TASK DETAILS.
A copy of the listing below is needed, exact in every line and without images.

RECORDED DATA.

================================

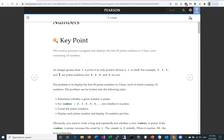For 7, the only positive divisor is 1 and itself, so it is a prime number. For 4, 2 is a divisor for 4, so 4 is not a prime number.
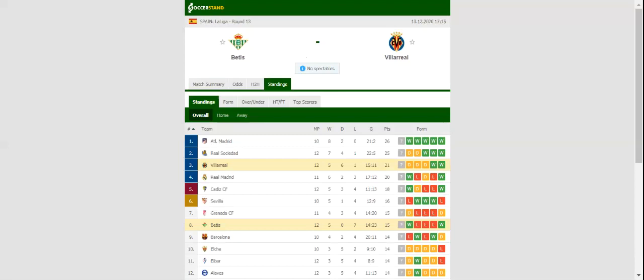Real Betis will be aiming to build on a 2-0 win over Osasuna when they host Villarreal at their Estadio Benito Villamarin on Match Day 13.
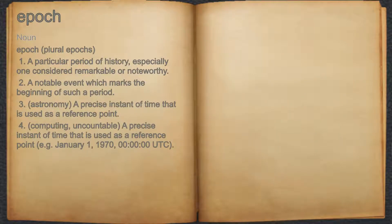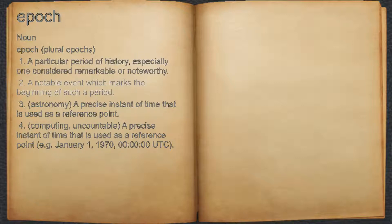Epoch. Noun. 1. A particular period of history, especially one considered remarkable or noteworthy. 2. A notable event which marks the beginning of such a period.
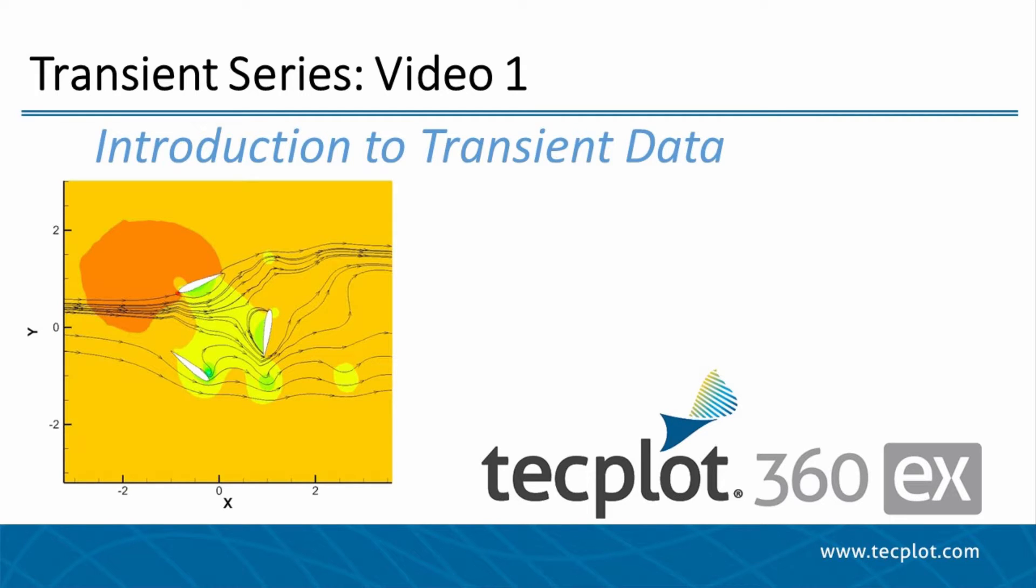Hello and welcome to TechPlot360EX. This is the first video in the transient series. We will cover time strands, stream traces, and animating transient data in a 2D domain.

================================

OUTPUT BELOW.
For 7, the only positive divisor is 1 and itself, so it is a prime number. For 4, 2 is a divisor for 4, so 4 is not a prime number.
Real Betis will be aiming to build on a 2-0 win over Osasuna when they host Villarreal at their Estadio Benito Villamarin on Match Day 13.
Epoch. Noun. 1. A particular period of history, especially one considered remarkable or noteworthy. 2. A notable event which marks the beginning of such a period.
Hello and welcome to TechPlot360EX. This is the first video in the transient series. We will cover time strands, stream traces, and animating transient data in a 2D domain.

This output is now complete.